Борис Жуков
По закону внесение таких изменений означает автоматическое аннулирование положительного заключения экспертизы. Но что значит «автоматическое»? «Транснефть» продолжала считать, что этот этап она успешно прошла, и подала на экспертизу уже ТЭО (технико-экономическое описание) проекта. Ростехнадзор принял его и назначил экспертную комиссию — ту самую, которую потом подвергли такому давлению. Тем самым Ростехнадзор как бы признал, что заключение предыдущего этапа сохраняет свою силу.
И. П.: То есть контрольные органы не работают?
Б. Ж.: А контрольные органы в данном случае — это Росприроднадзор, то есть неоднократно упомянутый тут Олег Львович Митволь. Я очень хорошо помню, как в мае 2005 года, когда все это всплыло, он на совместной пресс-конференции с «Гринписом» пылал праведным гневом, метал громы и молнии и клялся, что никому не позволит погубить национальную святыню России — Байкал. Правда, при этом он очень аккуратно ни разу не упомянул «Транснефть» — он говорил только о действиях ее подрядчиков. Но это было в мае. А в июле президент сказал, что этот проект стране нужен, — и Митволь тут же взял под козырек: дескать, проблема рассмотрена и нарушений не обнаружено.
Я в данном случае не о Митволе — Бог ему судья. Я о том, что вот в законе есть норма: «положительное заключение автоматически отменяется». А где она, эта автоматика? А что делать, если заявитель проекта не пожелает считать заключение отмененным?
И. П.: Значит, автоматика не прописана?
A. Я.: Да дело не в том, что там прописано! Просто законы не имеют никакого отношения к нашей действительности. В законах может быть прописано что угодно, но если компания может строить, не обращая внимания на закон, и ей за это ничего не будет, то никакие самые строгие и подробные нормы ей не помешают. К примеру, большая часть того, что построено по берегам рек — это самозахваты...
Б. Ж.: ...в лучшем случае оформленные задним числом — уже после возведения всех строений. А в худшем — просто никак не оформленные до сих пор.
B. Р.: Проект Катунской ГЭС не утвержден еще никем. Ничего не подписано, никаких согласований не получено. А самосвалы уже ездят, и площадки размечаются. Я боюсь, что весной уже пойдут рубить просеки.
И. П.: Я понимаю, что у нас законы не выполняются. Но я все-таки думаю, что лучше, чтобы они были — пусть даже и не выполняющиеся.

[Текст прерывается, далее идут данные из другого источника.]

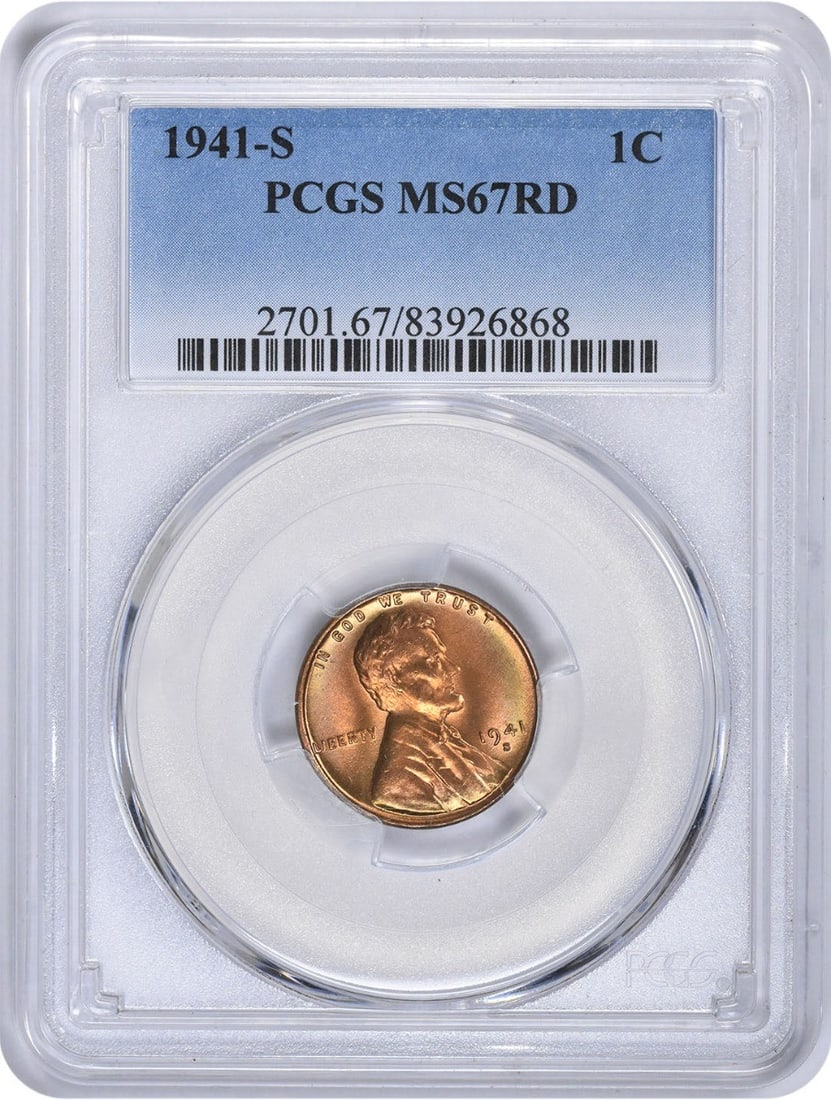 1941-S Lincoln Cent MS67RD PCGS Uncirculated Copper Coin: 1941-S Lincoln Cent MS67RD PCGS Uncirculated Copper Coin This stunning 1941-S Lincoln Cent, graded MS67RD by PCGS, showcases exceptional quality and detail. Featuring the iconic Lincoln Wheat design b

В. Р.: Совершенно верно. Это дает нам возможность хоть как-то сопротивляться — мы судимся, опираясь на закон.
И. П.: Если предприниматель будет знать, что при некотором повороте событий — ну, скажем, если президент топнет ногой — ему придется платить, и не символическую сумму, а полную величину ущерба, то он хотя бы сам поинтересуется, к чему может привести его проект. Ну, смешно, в самом деле: заказывают ОВОС, подают на экспертизу — только для того, чтобы «отмазаться». И никто даже не пытается выяснить, чем он рискует — потому что он не рискует ничем.
Б. Ж.: Я позволю себе пересказать слова топ-менеджера одной из крупнейших российских страховых компаний. Он рассказывал о блестящих финансовых результатах, с которыми его компания закончила год. Его спросили, откуда такая высокая прибыль. И он, несколько сбавив победный тон, пояснил: мы же страхуем по международным нормам. Они предполагают, что в случае аварии, скажем, на трубопроводе мы возместим компании, владеющей этой трубой, ее собственные потери, расходы на ликвидацию аварии, а также выплатим компенсации третьим лицам, пострадавшим от аварии. И все это закладывается в наши расценки. А когда наступает страховой случай, мы оплачиваем только потери и расходы на ликвидацию, а компенсации третьим лицам с нас никто не спрашивает. Та часть страхового взноса, которая должна была покрывать эти компенсации, идет нам в чистую прибыль. И добавил: как менеджера страховой компании меня такой порядок устраивает, как жителя и гражданина России — нет. Но изменить его я не могу.